To use it, and this is pretty cool, we could run our function that finds the 7. It returns a pointer to that node, which is exactly what insert needs:

// add a 15 after the 1st 7:  
IntNode p = findNodeWithVal(L1, 7);  
if(p!=null) insertAfterNode(p, 15);

For fun, here’s a hacky way to add 15 to the end of the list, using our previous functions. Find the length, subtract 1, find that node, and insert after it. We’d never do this for real, but it’s a nice exercise:

// insert 15 to end of L1:  
int len=getLength(L1);  
if(len==0) insertToFront(ref L1, 15);  
else {  
  IntNode last=getNodeAtIndex(len-1);  
  insertAfterNode(last, 15);  
}

This is still messing around: we could write a function that does every step by hand:

void insertAtEnd(ref IntNode head, int newVal) {  
  // pre-make the new node:  
  IntNode newNode=new IntNode(); newNode.val=newVal;  
  newNode.next=null; // since it’s the last item  
 
  if(head==null) { head=newNode; return; }  
  // loop stops where we’re _about_ to go off the edge:  
  IntNode p=head;  
  while(p.next!=null) // <- if NEXT item is null. Tricky  
    p=p.next;  
  // p is last node. Add us after it:  
  p.next=nn;  
}

while(p.next!=null) is one of those extra-sneaky pointer linked-list tricks. When the next item is null, it means we’re on the last item.

Another trick for finding the last item is adding a trailing variable. Let p fall of the edge, as normal:

// find last item using a trailer:  
IntNode p=head;  
IntNode pPrev=null; // trails behind p by 1 node  
while(p!=null) {  
  pPrev=p; // old value of p, just before moving it  
  p=p.next;  
}  
// now p is off edge and pPrev is last node

You may be thinking that the thing before i in an array is i-1, which is so much easier. But all of this extra work with linked lists is worth it for the speed if we need to frequently insert and remove from anywhere.

42.1.3 Removing

Removing an item is like inserting it. We just reroute the pointer around the item to remove.
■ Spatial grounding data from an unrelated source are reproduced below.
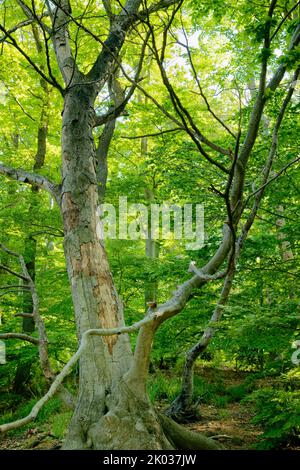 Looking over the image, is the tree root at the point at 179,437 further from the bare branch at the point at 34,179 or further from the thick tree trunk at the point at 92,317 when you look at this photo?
the bare branch at the point at 34,179

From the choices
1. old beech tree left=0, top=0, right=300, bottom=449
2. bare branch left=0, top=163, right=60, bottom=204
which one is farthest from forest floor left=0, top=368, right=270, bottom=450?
bare branch left=0, top=163, right=60, bottom=204

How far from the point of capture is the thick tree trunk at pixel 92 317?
106 inches

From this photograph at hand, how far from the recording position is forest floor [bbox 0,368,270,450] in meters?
3.94

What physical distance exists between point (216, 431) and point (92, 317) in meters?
2.43

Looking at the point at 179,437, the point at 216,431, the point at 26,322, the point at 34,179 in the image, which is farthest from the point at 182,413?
the point at 26,322

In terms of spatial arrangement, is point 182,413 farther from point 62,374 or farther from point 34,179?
point 62,374

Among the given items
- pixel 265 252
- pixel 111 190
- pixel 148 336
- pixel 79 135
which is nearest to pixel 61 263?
pixel 111 190

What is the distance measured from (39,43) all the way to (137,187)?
4.16 metres

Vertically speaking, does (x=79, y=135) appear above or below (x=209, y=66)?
below

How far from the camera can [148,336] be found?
2.76 m

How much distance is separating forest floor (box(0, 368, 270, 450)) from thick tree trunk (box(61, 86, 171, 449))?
94 cm

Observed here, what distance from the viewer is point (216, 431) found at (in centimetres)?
436

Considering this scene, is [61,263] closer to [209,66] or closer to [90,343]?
[209,66]

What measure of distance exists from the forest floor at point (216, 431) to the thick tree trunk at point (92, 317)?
0.94 meters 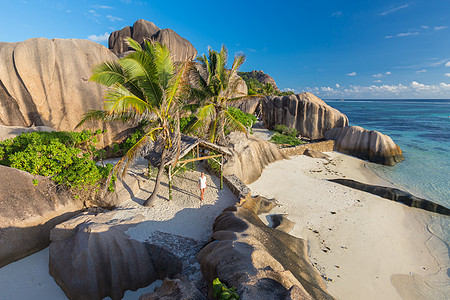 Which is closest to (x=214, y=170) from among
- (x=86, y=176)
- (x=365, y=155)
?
(x=86, y=176)

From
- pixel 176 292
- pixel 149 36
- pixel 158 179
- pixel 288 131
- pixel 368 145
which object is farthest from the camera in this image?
pixel 149 36

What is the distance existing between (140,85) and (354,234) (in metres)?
11.3

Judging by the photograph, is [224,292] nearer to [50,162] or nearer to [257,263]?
[257,263]

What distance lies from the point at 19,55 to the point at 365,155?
29158 mm

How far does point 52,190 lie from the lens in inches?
311

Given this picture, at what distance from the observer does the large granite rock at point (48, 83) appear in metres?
11.5

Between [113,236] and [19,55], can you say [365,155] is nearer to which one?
[113,236]

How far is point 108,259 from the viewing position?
20.3 feet

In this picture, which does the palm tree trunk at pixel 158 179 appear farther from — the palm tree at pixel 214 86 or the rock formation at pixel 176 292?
the rock formation at pixel 176 292

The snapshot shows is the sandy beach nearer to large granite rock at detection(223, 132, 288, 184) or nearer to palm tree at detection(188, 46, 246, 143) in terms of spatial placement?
large granite rock at detection(223, 132, 288, 184)

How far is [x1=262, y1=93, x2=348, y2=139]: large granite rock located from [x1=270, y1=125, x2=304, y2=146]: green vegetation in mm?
1317

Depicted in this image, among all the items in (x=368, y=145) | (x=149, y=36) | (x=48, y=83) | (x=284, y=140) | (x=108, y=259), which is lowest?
(x=108, y=259)

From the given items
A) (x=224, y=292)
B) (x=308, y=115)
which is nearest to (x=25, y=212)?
(x=224, y=292)

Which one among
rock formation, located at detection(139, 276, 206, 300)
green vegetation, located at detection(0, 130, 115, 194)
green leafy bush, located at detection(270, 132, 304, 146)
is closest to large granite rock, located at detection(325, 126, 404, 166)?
green leafy bush, located at detection(270, 132, 304, 146)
Like inserting, the first item is a special case, since we have to change L1.

Here’s what it looks like to remove the first item of of 2, 7, 4, 9:

L1    2--> 7--> 4--> 9-->null  
  \       /  
   -------

It looks odd that 2 still points to 7. We could set it to null, but it won’t matter. The key things are the list now starts with 7, then 4 then 9; and there’s no way to get to 2 anymore. Eventually the garbage collector will remove it.

The code looks like this:

void removeFirst(ref IntNode head) {  
  if(head==null) return; // there isn’t a 1st item  
  head=head.next;  
}

As a check: if there’s only 1 item, this would make head point to null, which is correct.

Removing anything else requires the node in front of it. We again route the pointer around

void removeAfter(IntNode beforeNode) {  
  if(beforeNode.next==null) return; // nothing after us to remove  
  beforeNode.next = beforeNode.next.next;  
}

beforeNode.next.next isn’t a joke, or magic. It’s the pointer to 2 nodes after you. Read it as if it had parens: (beforeNode.next).next If beforeNode is the 2, it jumps to the 7, then checks the next in there, which is an arrow to the 2.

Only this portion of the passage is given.